Program flow of noise prediction function

Moreover, the operation of the noise prediction is easily executed by one-push, using the simplified model and the formulated DB system, according to the following six functional steps by the work bench as shown in Figure 10.

Figure 10:

Work Bench for SNA function

① Create model function (Model read on to TSV)

② Modify model function (Model merge, add parts, and delete)

③ Set property function (Read DB, and define calculation condition, material and thickness, damping material, pillar, draft, tank and boundary condition)

④ Set source function (Define sound source of Structure-borne, Air-borne, AC &Vent, Ex.

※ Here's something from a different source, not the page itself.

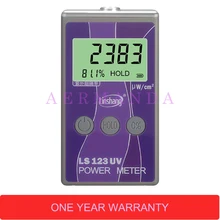 UV power meter Intensity Meter LS123 Ultraviolet transmittance measurement UV radiation luminance UV power meter Intensity Meter LS123 Ultraviolet transmittance measurement UV radiation luminance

Fan and Exhaust sound)

⑤ Run solver (Perform analysis as per the program flow shown in Figure 9, by 1/1 or 1/3 Octave band basis, and recalculate due to the modification of the model and DB for tuning operation.

⑥ Show result function (Display of analysis results for confirmation, by overall value, octave band curve, and contour figure (vibration velocity/acceleration/energy, sound pressure, element thickness, mode number, and loss factors)

3.4 Result View Program

To verify the analysis results in comparison with the measured data, the following two functional steps are performed after step ⑥ in the previous subsection.

⑦ Plot function (Output of calculation result for verification study by plotting the response of elements, frequency and cabin on the basis of frequency or element)

⑧ Tuning function (MS Excel file output of factors for tuning)

The cycle of steps from ⑧ back to ⑤is repeated for the tuning operation as shown in Figure 9, which is the most important and invaluable function for practical ship noise control procedures with reference to the measured data.